When it comes to trying to explain why the M&A market last year was as flat as a badly-cooked pancake, the bankers, lawyers and accountants have many theories: The American presidential election causing uncertainty in the US; the European debt crisis fuelling uncertainty on that continent; falling commodity prices; a high Australian dollar and lower than expected growth in China would make the top five list of external reasons cited as being beyond the control of everyone, even lawyers.

“It was a perfect storm really,” says Ernst & Young partner and Oceania M&A leader Peter Magill, who adds that a combination of all of the above caused both global M&A and equity markets to contract.

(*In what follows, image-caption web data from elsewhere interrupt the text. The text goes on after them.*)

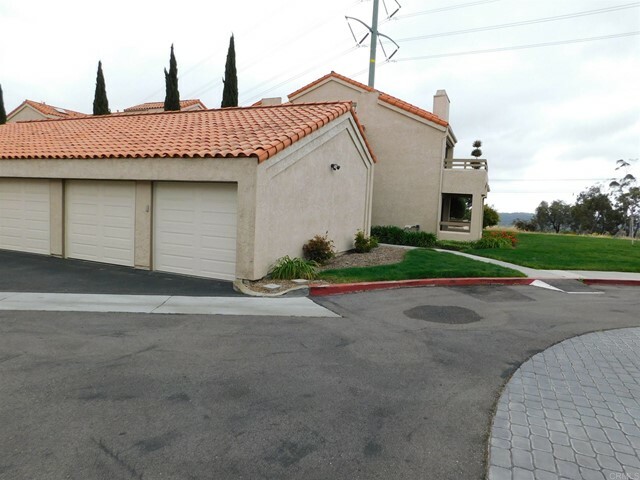 Property Photo:  1926 Swallow Lane  CA 92009 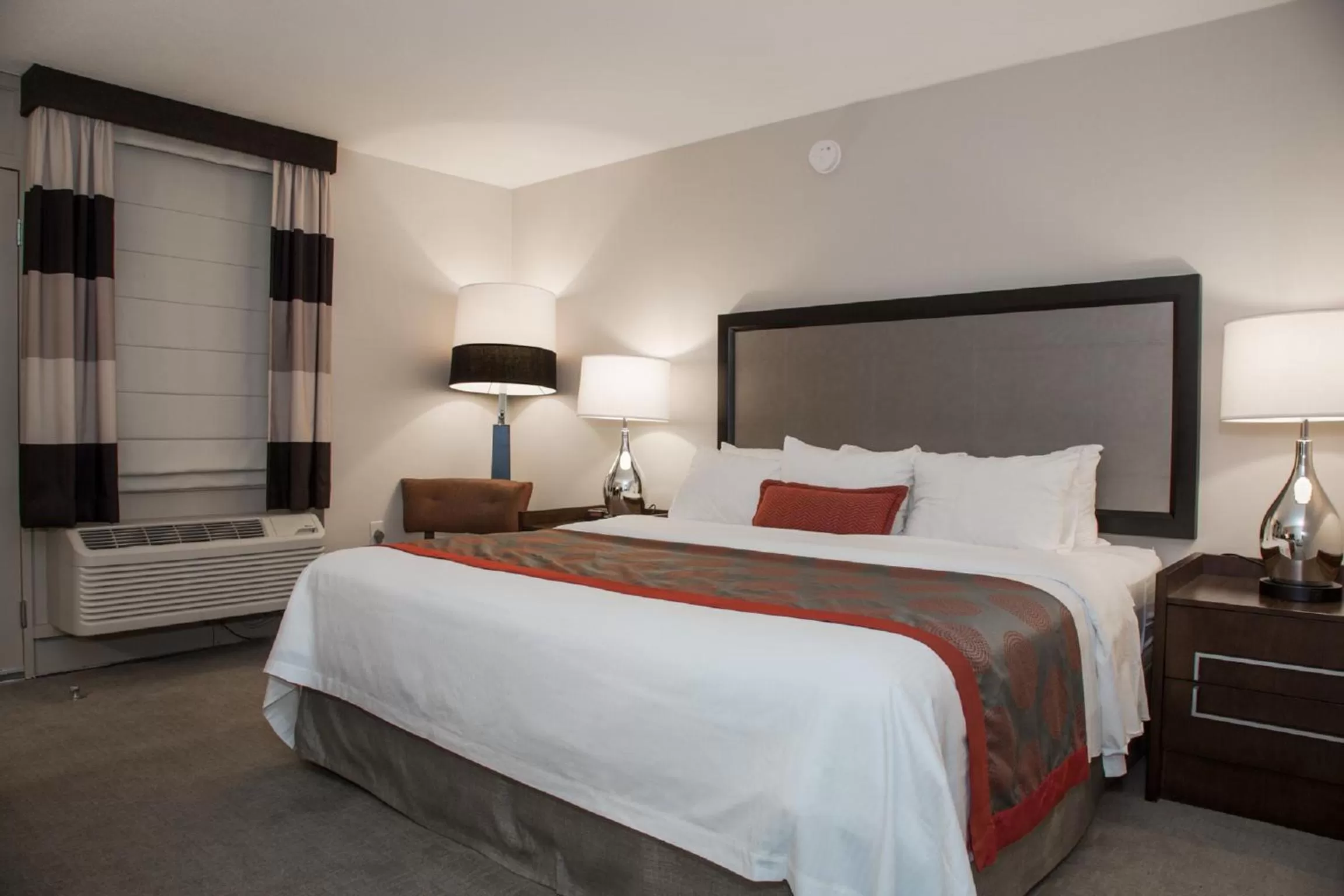 Bedroom, Bed in Ramada by Wyndham Boston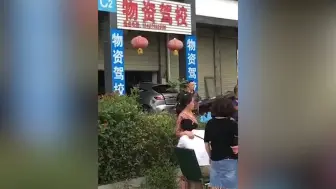 轿车冲进驾校撞伤教练 工作人员：司机系曾经学员 或把油门当刹车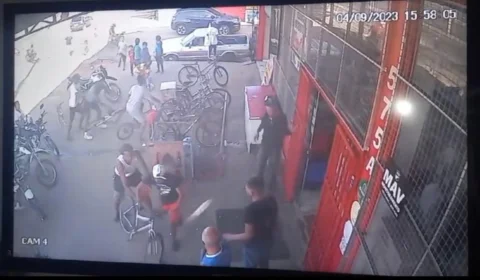 RR: Venezuelanos tentam fazer arrastão em frente de supermercado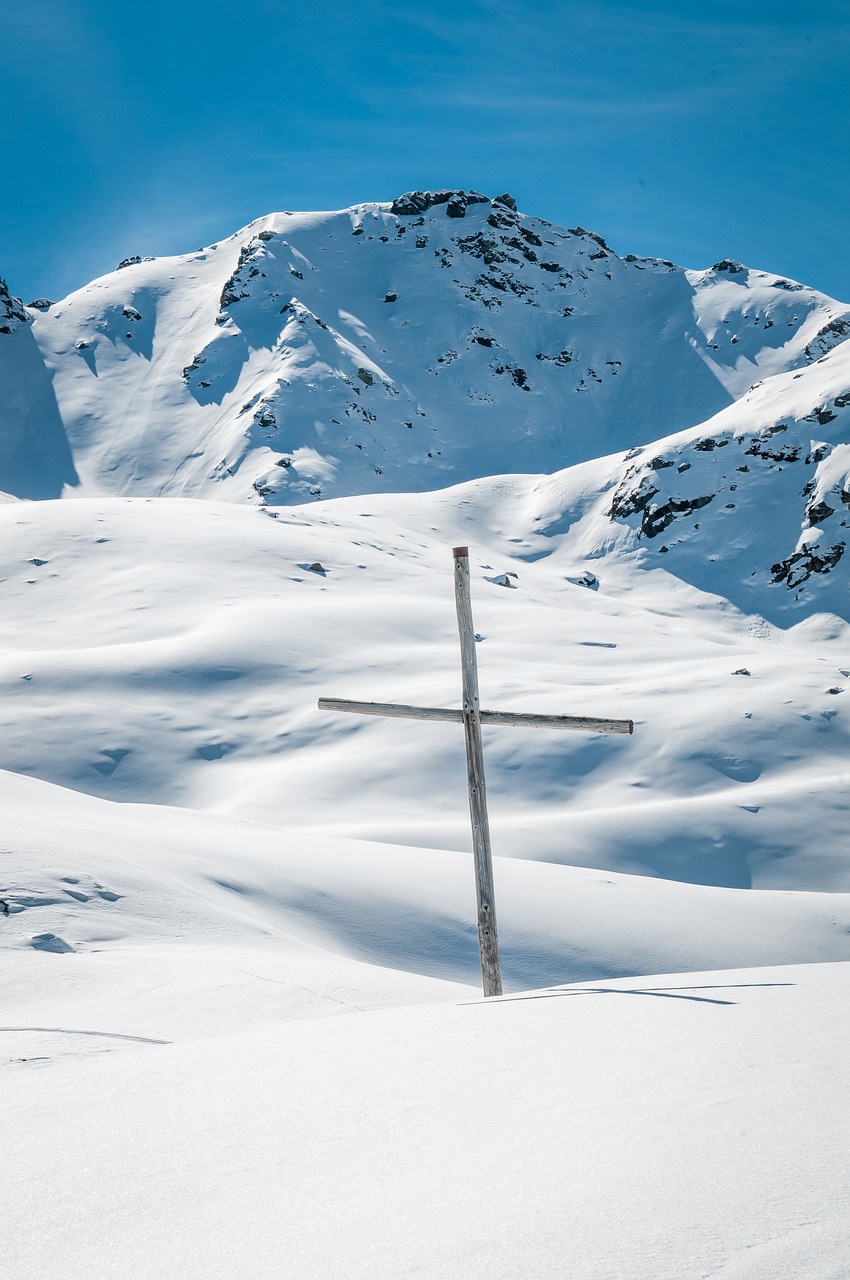 mountain snow winter free photo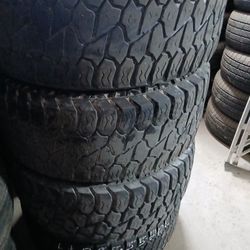 Lt 285/55/20 Set Of 4  Good Tread $350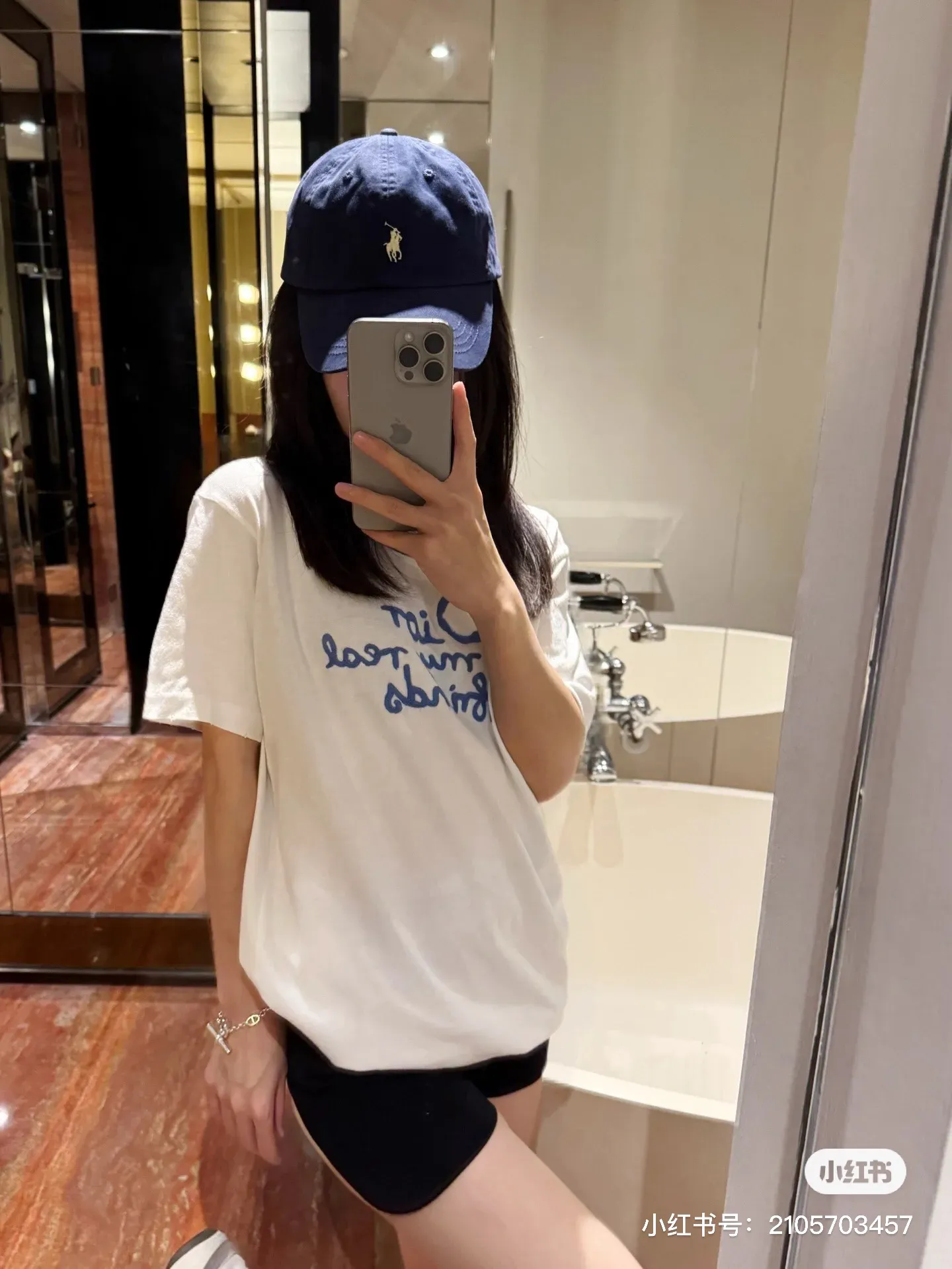 🅿️138 M238#Dior•🇫🇷25ss new linen cotton thin round neck short-sleeved T-shirt ✅✅✅Ready stock Focus on quality Feel free to compare Size: S M L Color: White Black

A cursory look at the major league tables makes for sober reading: The Bloomberg analysis showed that announced global transactions decreased 7.9 per cent from $US2.4 trillion in 2011 to $US2.2 trillion last year, and Dealogic found that Asia-Pacific M&A revenue fell by seven per cent.

Australia was not spared the pain.

Dealogic found that Australian investment banking revenue fell by a fifth, from more than $US2.35 billion in 2011 to $US1.9 billion last year.

The Mergermarket survey also found, as well as deal volume being down in Australia, its relative importance in the Asia-Pacific pecking order had decreased.

Bidders looking for a target in the Asia-Pacific region accounted for 414 announced M&A deals in Australia in 2012, totalling $US46.7 billion, third behind China and Japan.

This was down from $US79.3 billion the previous year, and was a fall of more than 50 per cent on the 2010 total of $US106.3 billion.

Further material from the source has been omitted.